Conchavo tem a mesma origem que conclave. E esta vem da expressão latina camera cum clave, “quarto chaveado”, literalmente “quarto com chave”. As reuniões para uma eleição papal são feitas na ausência de público, para não haver interferências externas na votação.

Historicamente há outro fator: no século XIII, quando da eleição do sucessor de Clemente IV na cidade de Viterbo, Itália, os cardeais se deslocavam livremente, entravam em disputas, participavam de festins, tudo menos eleger um Papa.
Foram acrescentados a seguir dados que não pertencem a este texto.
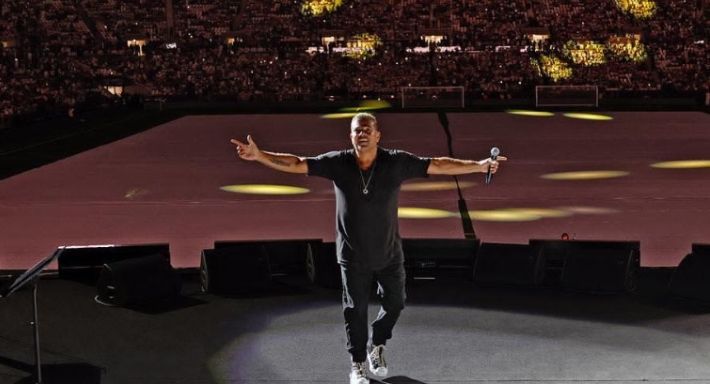 عمرو دياب يحيي حفلا غنائيا في قطر : سعرها الأمراء فقط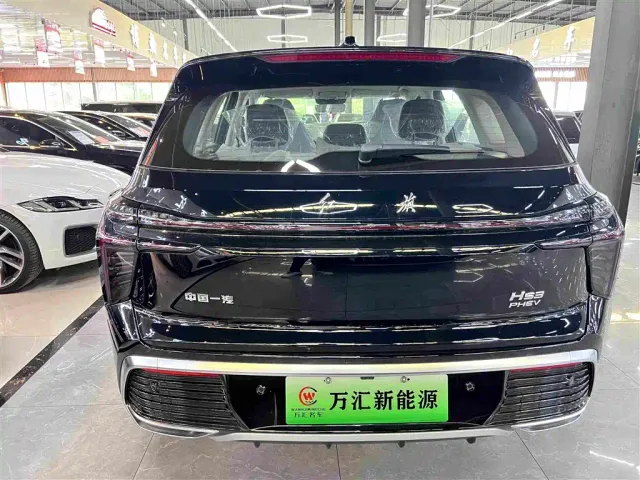 Hongqi HS3 PHEV — Фото автомобиля 12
Demoraram quase três anos, tanto que que uns vinte cardeais morreram nesse intervalo. Cansado disso, o povo de Viterbo, dizem, fechou-os na catedral e informou que só sairiam dali após a eleição. E que passariam a pão e água até lá. Não demorou muito para ser obtido um consenso.

Depois disso as eleições papais passaram a ser chamadas conclave.

Espero que os meus cardeaizinhos aqui presentes, depois desta enxurrada cultural, tenham desistido de aprontar seja o que for para a sua querida Tia Odete.

Agora saiam para o recreio bem quietinhos.